Johnson is one of just six players to win at both venues, and he is quick to acknowledge the two "rocks" that made it possible: his faith as a Christian, and his wife Kim.
"There's a lot of individuals behind the scenes that get you there, but Kim is the head of that. She's the one that I go to first for anything. She's the self-acclaimed CEO of Zach Johnson Golf," the American told CNN Wednesday, reflecting on the playoff victory at Scotland's "home of golf" that took his career earnings past $37 million.
"She has that title and evidently there's no shelf-life for that. I'm grateful for that."
They met in Florida 15 years ago, and he switched from lapsed Catholic to enthusiastic member of her First Baptist Church before they married in 2003.
Kim helps run his charity foundation, and greeted him with a kiss after Monday's success in the weather-hit major.
"She's my rock -- she's the one that I can trust with anything," Johnson said. "Good or bad, it doesn't matter what the situation is, she's always there.
"She's very level-minded, always got great perspective, and she sits me in my place and keeps me properly focused and allows me to do what I do."
Johnson's rebuilt faith is also a key factor in his serial success on tour: he has won more than $1.5 million every season since 2004, with 10 PGA Tour titles outside his two majors.
Throughout a difficult five days at St. Andrews, where the players were often battling the elements as much as themselves, the 39-year-old kept his composure by reciting his favorite scriptures.
He said Psalm 27:14 ("Wait on the Lord: be of good courage, and he shall strengthen thine heart") was going through his mind as the tournament came to a climax -- an ending he describes as "such a blur."
"I'm a Christian guy and when it comes to my priorities, it's the utmost. For me, just to calm myself down, to keep my perspective when I'm playing, to not make too big a deal of it ... that's where I go to," he said.
"The peace that comes with that allows me to play free golf."
Johnson left the UK with a new toy for his three children -- the Open's coveted Claret Jug.
"It doesn't really have the attributes of a sippy cup for my little ones, but much like a birthday cake, if they want to make it a mess, that's fine," joked the Iowa native, now resident in St. Simons Island, Georgia.
Johnson's victory denied golf's rising star Jordan Spieth the chance to become just the second player of the post-war era to win the Masters, U.S. and British Opens in the same season.
Spieth missed out on the three-man playoff after failing to birdie the final hole, but Johnson warned about putting too much pressure on the 21-year-old as he deflected comparisons with Tiger Woods at the same age.
"I don't think it's fair to put Jordan in that breath yet.
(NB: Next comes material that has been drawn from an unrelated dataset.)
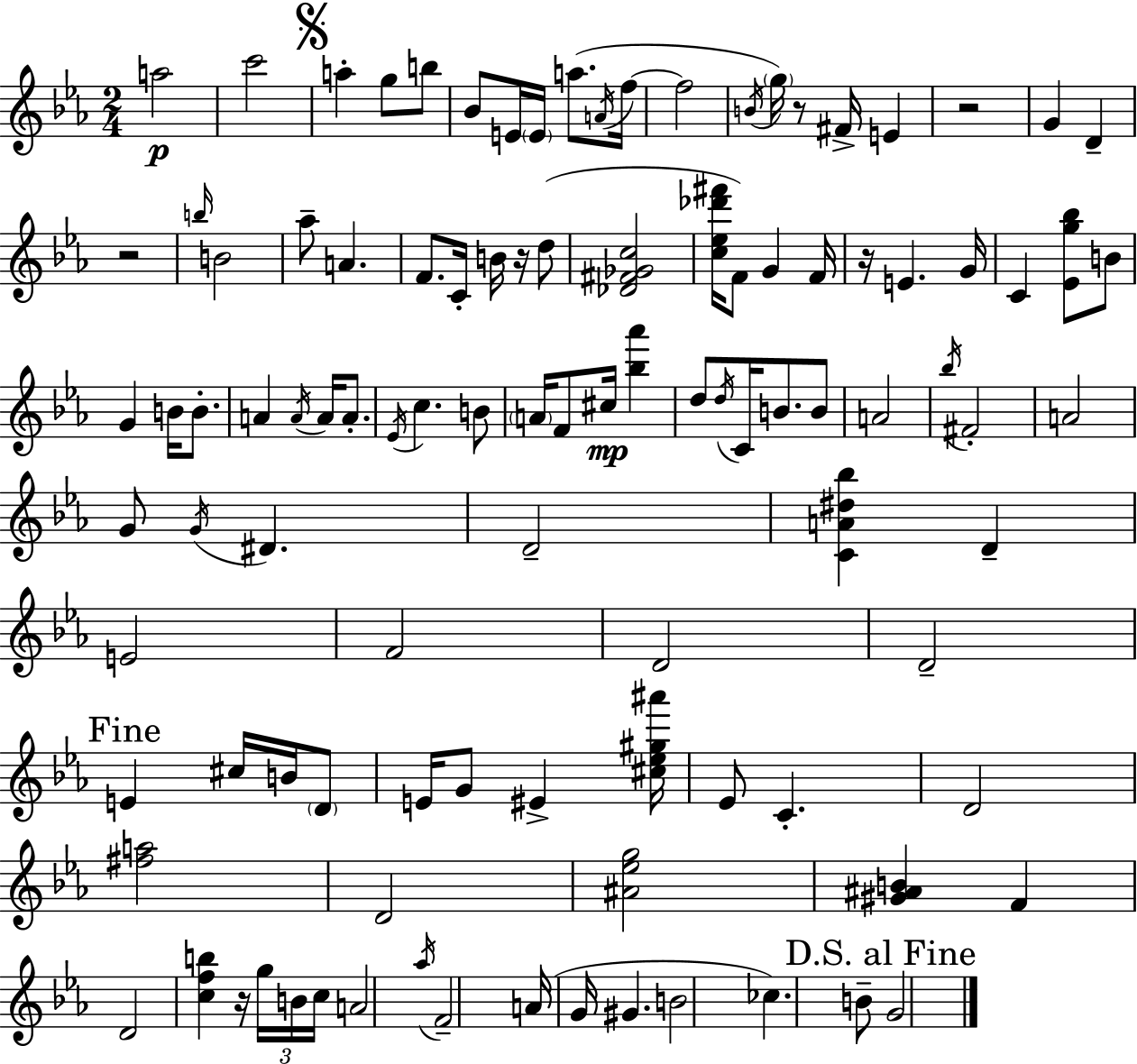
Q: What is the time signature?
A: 2/4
Clearly what he's done in a short time is remarkable, is worthy of discussion and could be part of golf history more than we possibly know, but Tiger really transcended the game," Johnson said.
"He was the guy who pushed the ceiling higher than it's ever been. I don't know if Jordan is going to have that capacity but with what we're witnessing, you never know. You're talking about two guys in the last 15-20 years that I would say are phenom talents.
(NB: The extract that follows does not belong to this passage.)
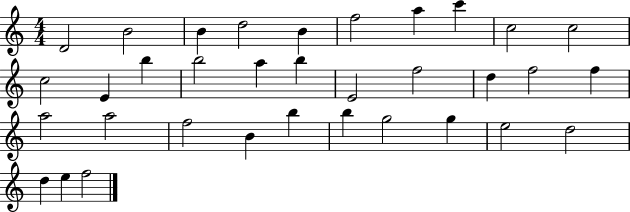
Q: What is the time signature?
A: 4/4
"I'm not saying by the shots they hit necessarily, though that is impressive, but it's the intangibles -- the innate ability they have internally that you just don't see in athletes that often."
Johnson's victory lifted him to 12th in the world rankings, and the top 10 now features five Americans, with Spieth at No. 2.
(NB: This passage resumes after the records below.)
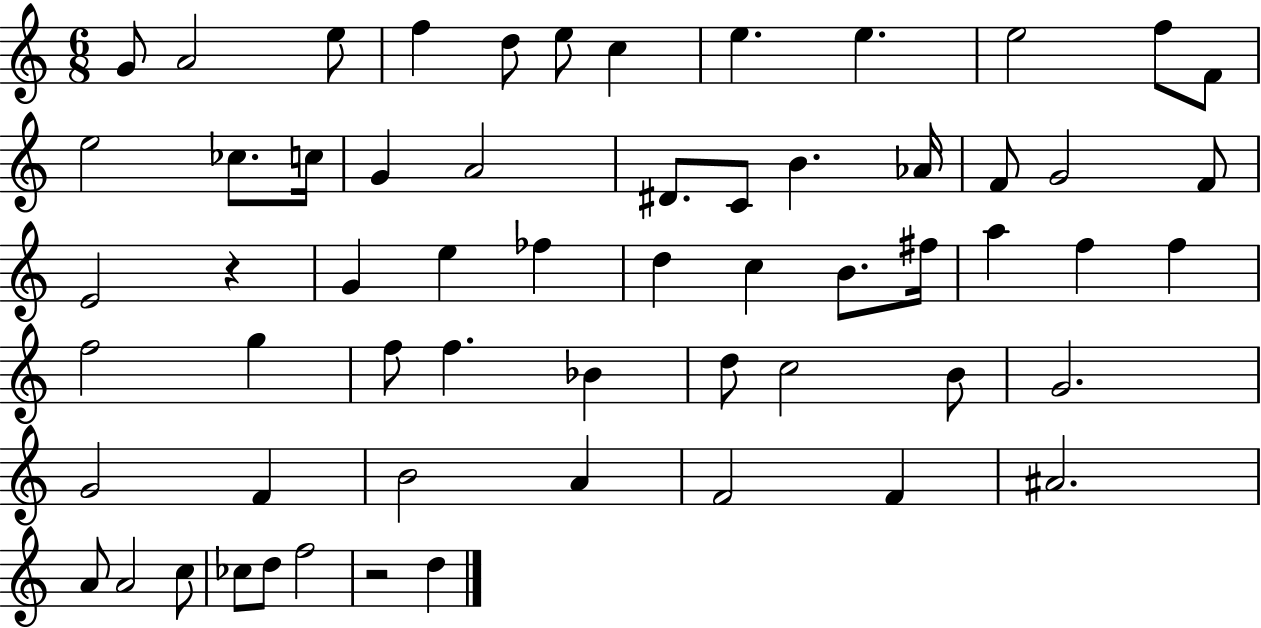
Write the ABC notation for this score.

X:1
T:Untitled
M:6/8
L:1/4
K:C
G/2 A2 e/2 f d/2 e/2 c e e e2 f/2 F/2 e2 _c/2 c/4 G A2 ^D/2 C/2 B _A/4 F/2 G2 F/2 E2 z G e _f d c B/2 ^f/4 a f f f2 g f/2 f _B d/2 c2 B/2 G2 G2 F B2 A F2 F ^A2 A/2 A2 c/2 _c/2 d/2 f2 z2 d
Johnson believes young U.S. players are better prepared than ever to make an impact when they turn pro -- such as 21-year-old Jordan Niebrugge, who tied for sixth at St. Andrews to be the leading amateur.
"These kids are playing in a high level before they even touch base on the PGA Tour. We saw amateur guys in contention at a major championship and I think we're probably going to see more of that," Johnson said.
"These kids are coming out of college, they've got teachers, they've got coaches, therapists, they're playing professional golf as an amateur. So when you make that transition it's almost seamless."